• **MATERIAL PROVIDED**:
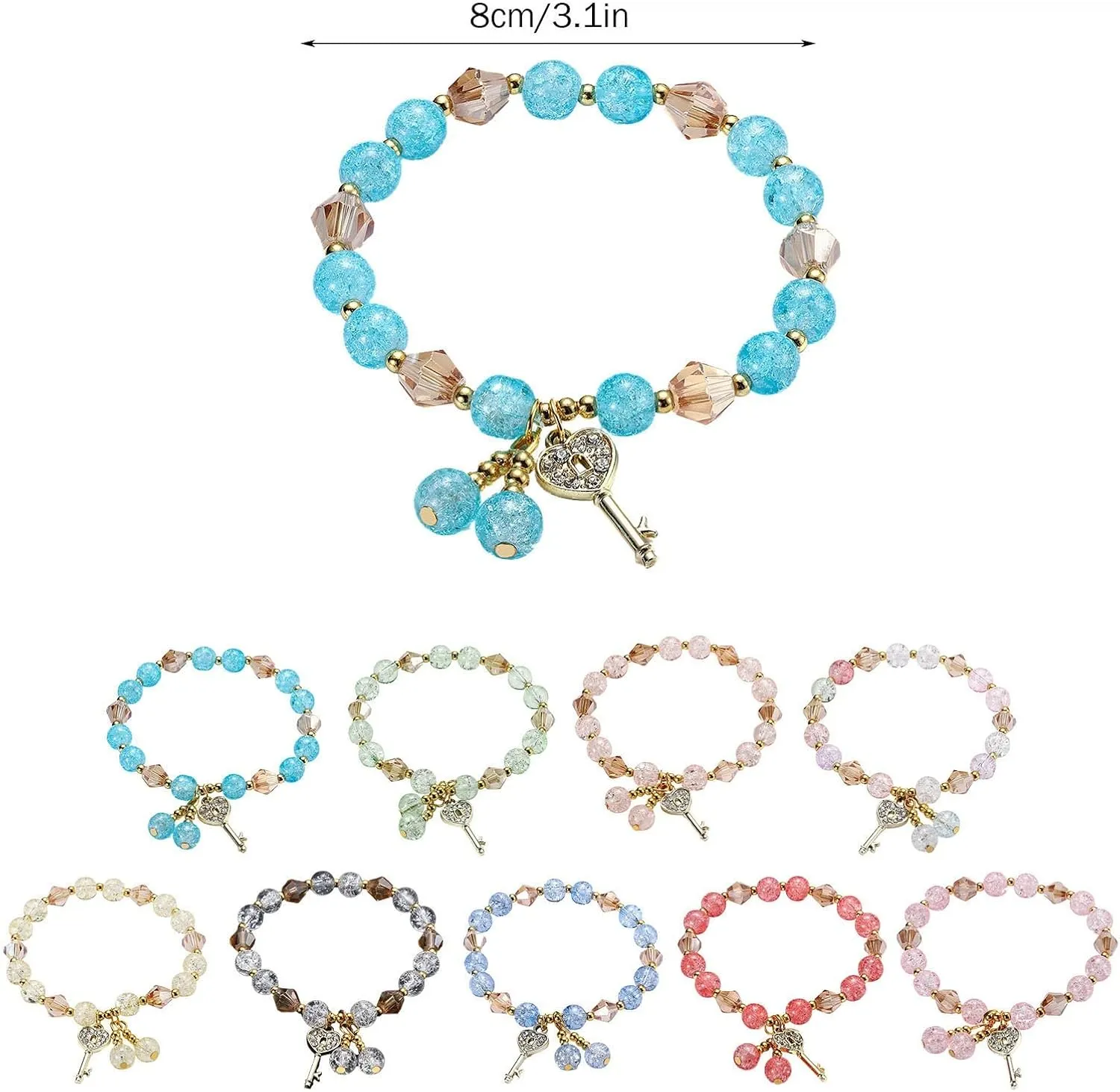 Ladies Multicolor Stretch Beaded Bracelet Stackable Beaded Bracelet Layered Beaded Adjustable Small Stud Earring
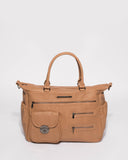 Caramel Pocket And Zip Baby Bag With Gunmetal Hardware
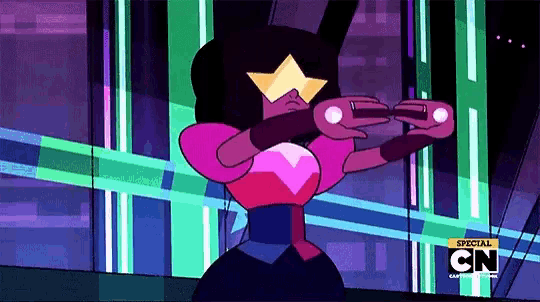 a cartoon character is taking a picture of herself with a special cn logo in the corner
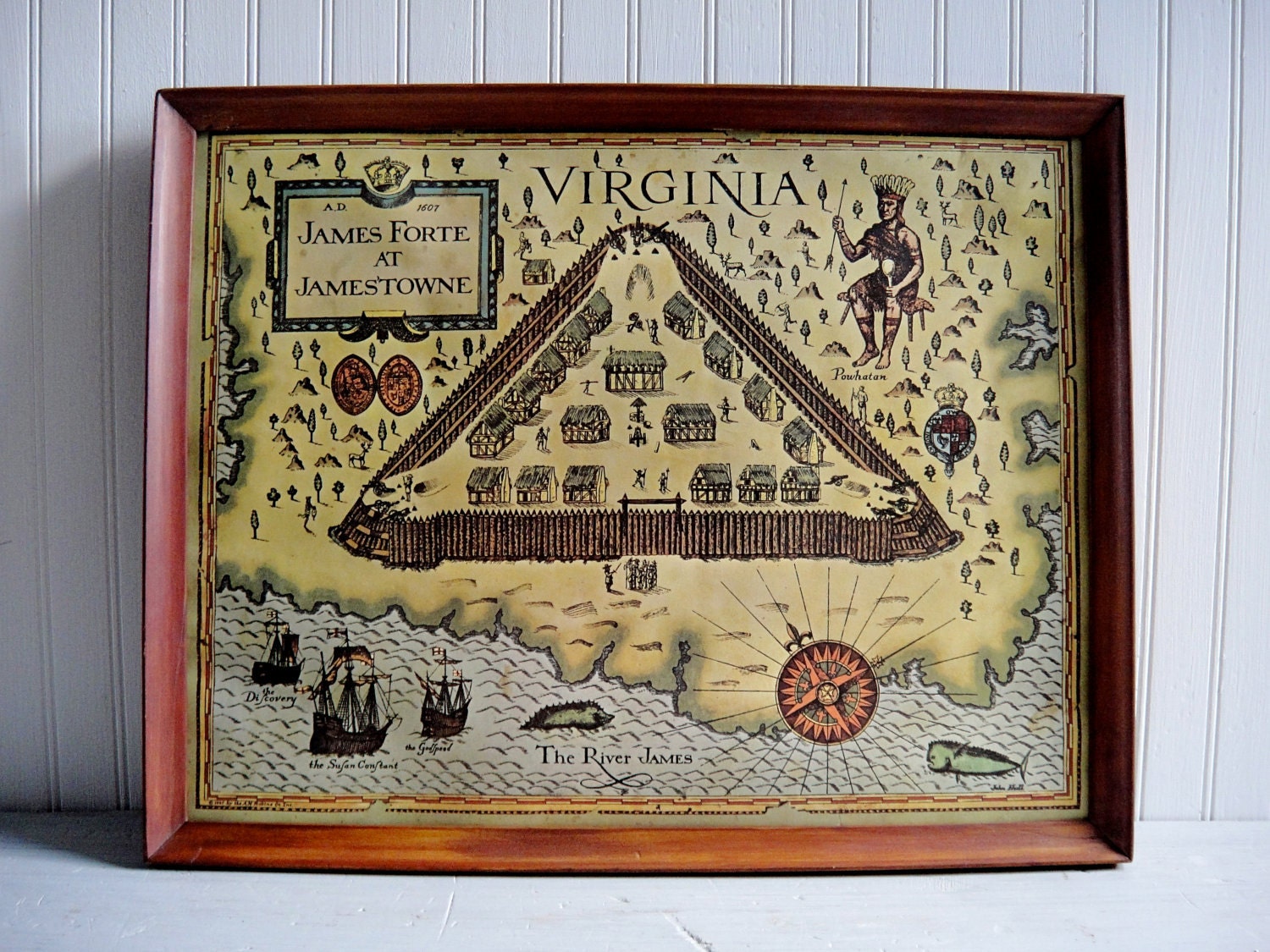 Vintage Map Jamestown Virginia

• **ASSIGNED TASK**: Repeat the listing exactly; do not print any picture.

• **SOLVED PROBLEM**:
 Ladies Multicolor Stretch Beaded Bracelet Stackable Beaded Bracelet Layered Beaded Adjustable Small Stud Earring
 Caramel Pocket And Zip Baby Bag With Gunmetal Hardware
 a cartoon character is taking a picture of herself with a special cn logo in the corner
 Vintage Map Jamestown Virginia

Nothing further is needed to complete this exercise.